Listening guide, Manuel Teles

Federico De Leonardis, Pastorale (2012), Via Idro, Milano
Traduzione di Alberto Rabachin per conto di Stradivarius

Manuel Teles saxophonist, “Lisboa – Milano”

Listening guide, an awkward title for an amateur, an amateur like myself, a communications operator with an elective language completely different, if not opposite, to that adopted by the composers chosen by Manuel Teles to give us some of his interpretations. But in art there are no boundaries, just as there are none in the human cranial box: the neurons of the eye may be located at a distance from those of the ear, but they maintain with the latter millions of essential connections. These are what convinced an image-maker such as I consider myself to be.

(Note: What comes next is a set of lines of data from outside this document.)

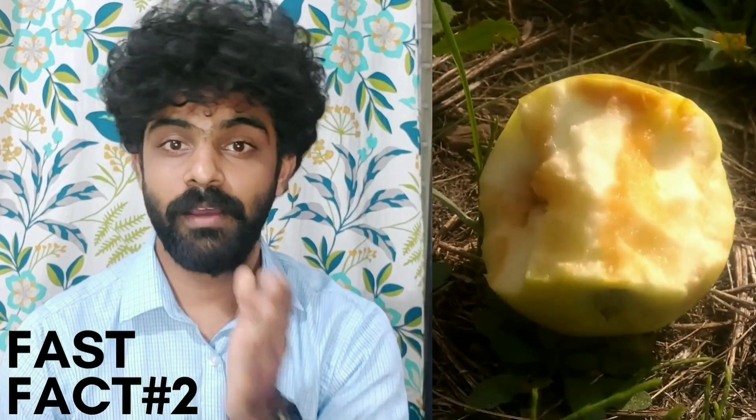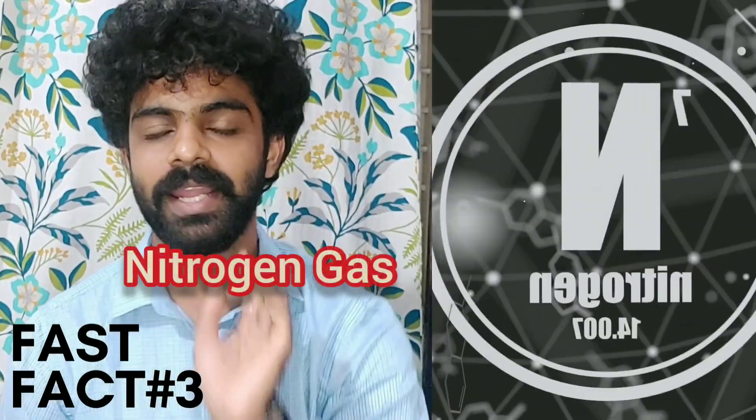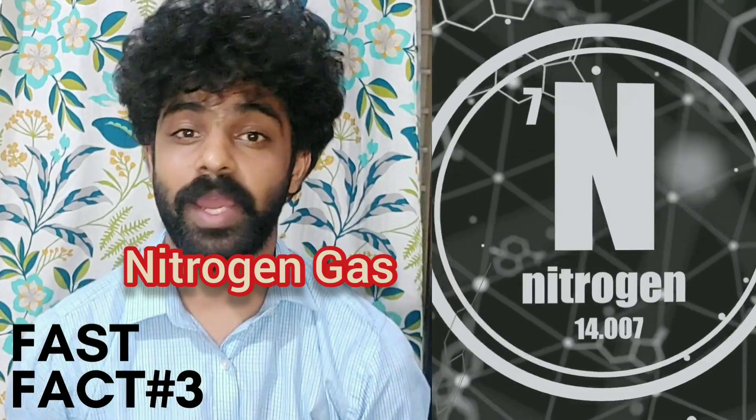What is rancidity? When oxygen reacts with fat and oil, it breaks the bond between glycerol and fatty acid, which in turn spoils the food — this process is called rancidity. To keep the chips fresh and crisp, nitrogen is filled in the chips packet. Why nitrogen and not others? Because nitrogen does not react with oil and fat. It drives out the oxygen and does not allow bacterial growth.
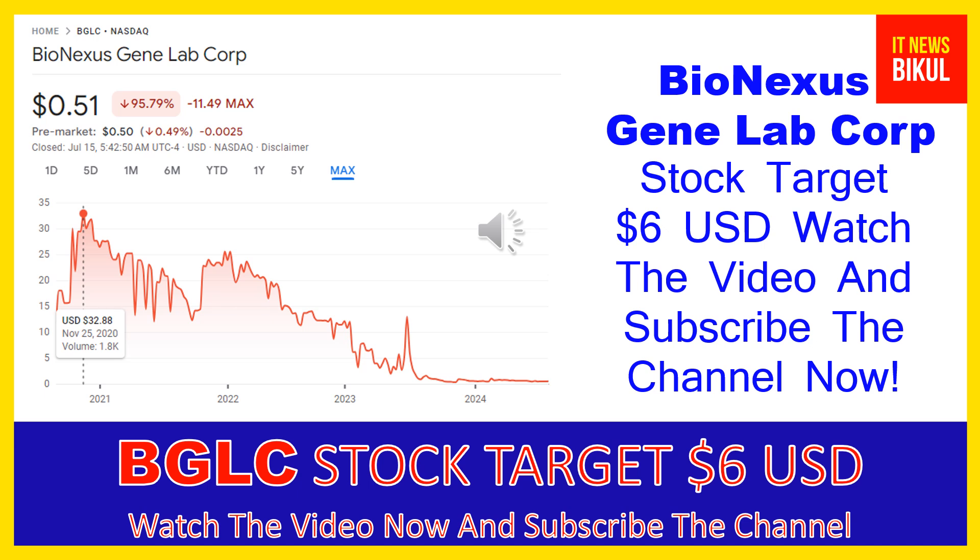Hello friends, today I have taken a very good stock for you that will give you very good returns in coming days. That stock is Bio Nexus Gene Lab Corp — BGLC stock — now trading at 51 cents USD level on July 15th, 2024. If you want, you can invest now in BGLC stock.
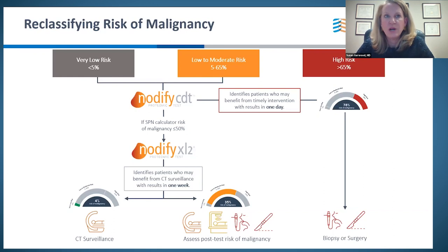Putting it all together: reclassifying risk starts with a risk calculator — that must be part of our standard practice. We then look to guidelines, then consider whether adding a biomarker could help. If Notify CDT identifies patients at greater than 65% risk of malignancy, this pushes us to biopsy, either surgically or non-surgically. If CDT is negative and pretest risk is less than 50%, XL2 can then be performed. It can stratify to the lowest risk group where CT is appropriate, or leave you proceeding with guideline-appropriate serial surveillance or biopsy.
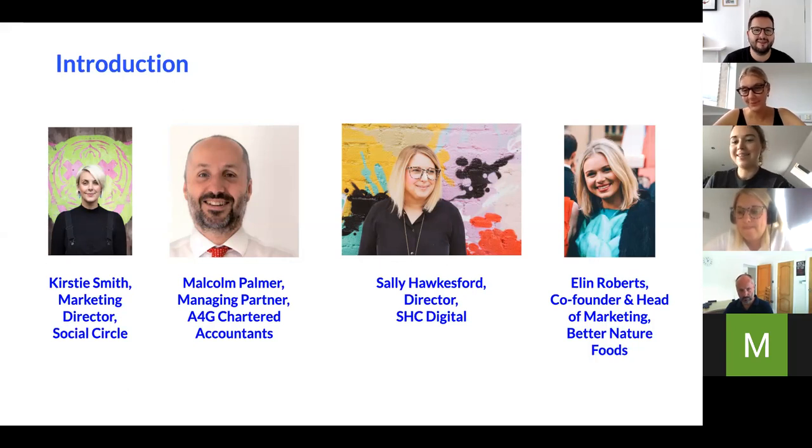Ellen: I'm Ellen, co-founder and head of marketing at Better Nature. We make tempeh-based products — tempeh is a plant-based protein originating from Indonesia. Today I'll be chatting about strategy mainly, and how you can start out with your strategy. Although it seems overwhelming to begin with, having a simple and clear strategy usually works out in the long run.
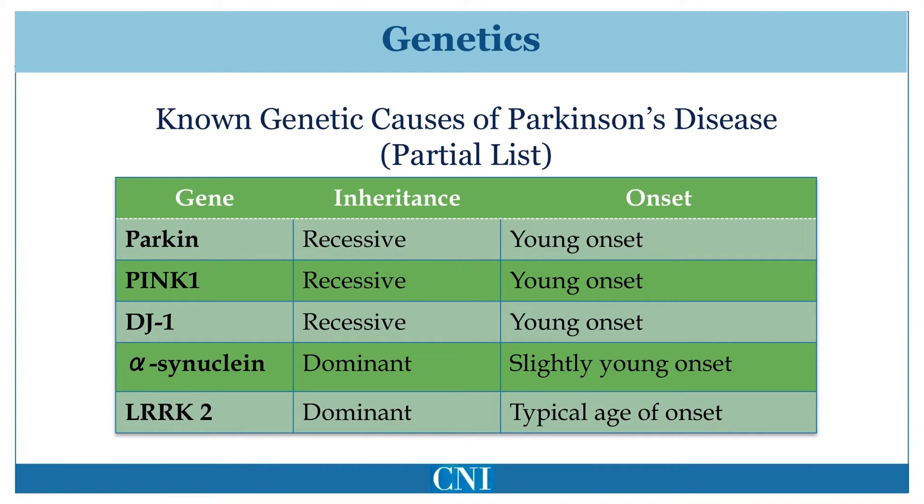It is hoped that identifying the different genes that cause familial Parkinson's disease will allow us to better understand causes of Parkinson's disease at a cellular level. This understanding may allow us to develop better therapies specifically designed to target these defects.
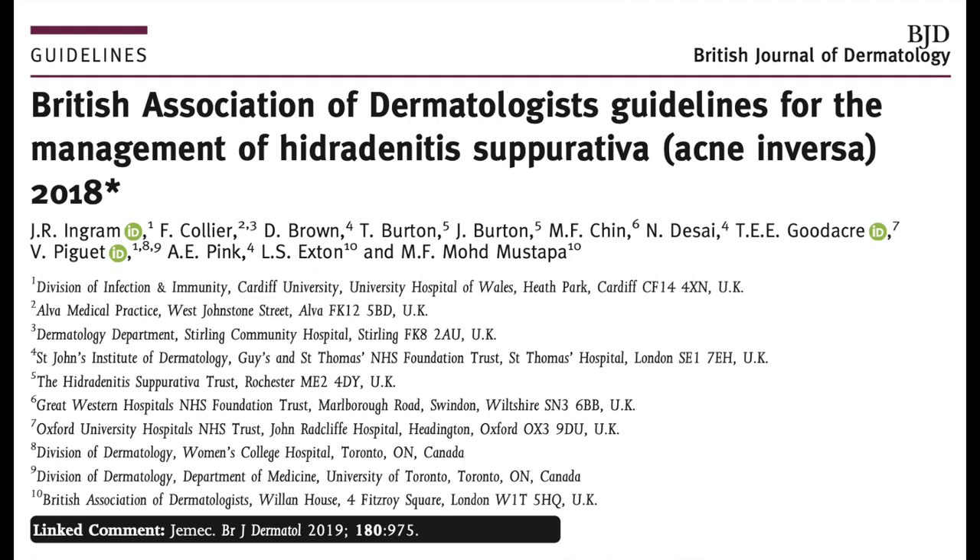Hidradenitis lesions are frequently colonized by bacteria, and antibiotics which have anti-inflammatory properties may therefore be very helpful. Topical clindamycin was shown to be effective in previous studies. The British Association of Dermatologists guidelines suggest that we should offer oral tetracyclines, such as doxycycline or lymecycline, sometimes even in double dose, for at least 12 weeks.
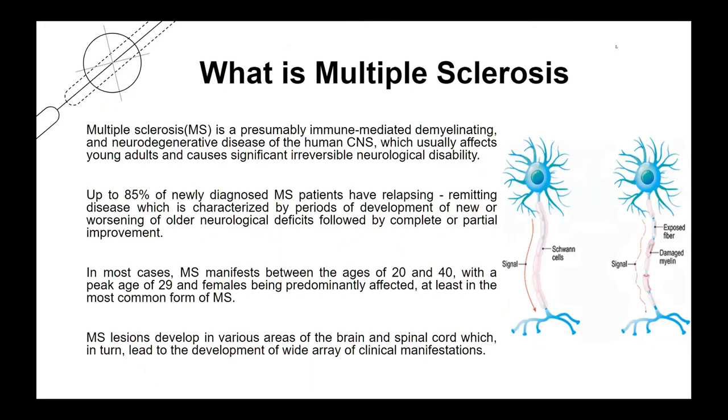Multiple sclerosis is a presumably immune-mediated, demyelinating, and neurodegenerative disease of the human central nervous system, which usually affects young adults and causes significant irreversible neurological disability. Up to 85% of newly diagnosed multiple sclerosis patients have relapsing-remitting disease, which is characterized by periods of development of new or worsening neurological deficits, followed by complete or partial improvements.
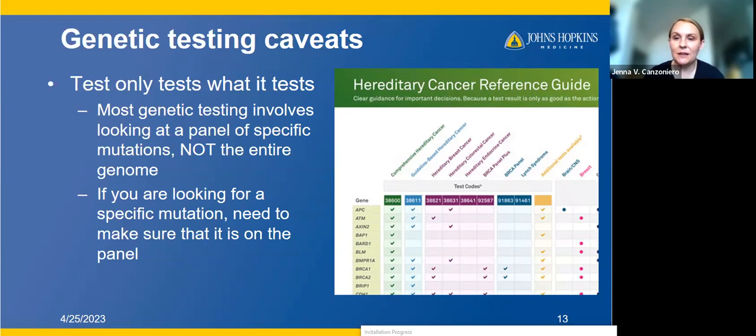For example, these are different panels you can order from a genetic testing provider, with specific genes listed. The comprehensive hereditary cancer panel covers all of these different genes, but some smaller panels, like the hereditary breast cancer panel, only cover some of them. So when you're comparing results done at different times, or comparing germline testing results to somatic testing results, you need to make sure the panels were looking at the same thing — something can be missing not because it wasn't there, but because it just wasn't included on the panel.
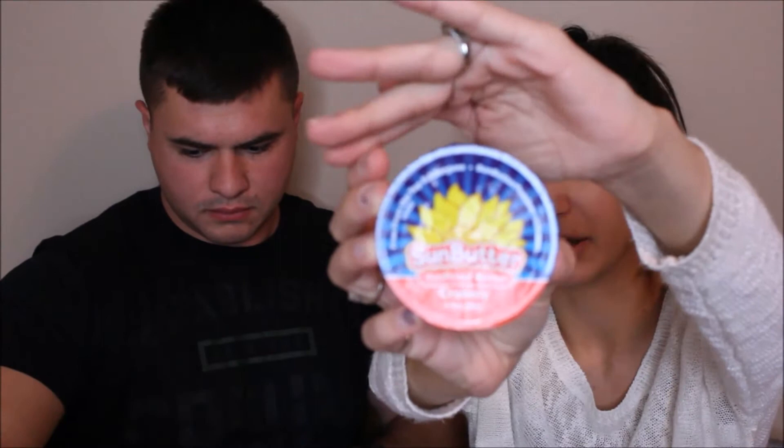Ooh, sunflower butter! From SunButter - we've got some sunflower butter in the flavor creamy. This is $6.99 for a 16-ounce full-sized jar. It's safe for people with peanut allergies. It has 7 grams of protein and more vitamins and minerals than nut butter itself. That's really interesting. I actually want to try this. It's really dark, you guys - like darker than regular peanut butter.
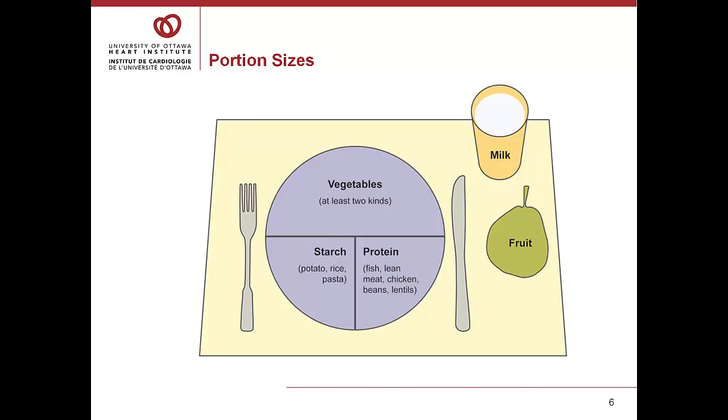Let's talk about portion size. People will often say this is the most challenging thing. When you sit down at your table, think about the portions of your starch and your protein. The starch — things like potatoes, brown rice, brown pasta — should be about a fistful. That's not a lot, but it is certainly enough that you would feel satisfied.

But I would like to say that I am also an impassioned listener and, above all, a convinced believer that the specificity of the elective language is nonetheless nourished at three hundred and sixty degrees, that is, through all the organs of contact with the world donated by Domeneddio to exist and, principally, to communicate.

The Music of the pieces chosen by M. Teles in this CD is all from our own days, although some of the composers may very well be his fathers or even, like me, his grandfathers. And here I would like to make a pitch for classicism: registry in art does not interest me: I listen to L’arte della Fuga exactly like the latest composition written by the not-yet 40-year-old Vincenzo Parisi (E gridare…). Let us please reshape the very contemporary myth of the contemporary: the contemporary has as its not final task the duty to help us today to listen to Bach or Monteverdi through all the great artists – including visuals[1], I underline – that have worked after them. Nothing less. But let’s be more specific.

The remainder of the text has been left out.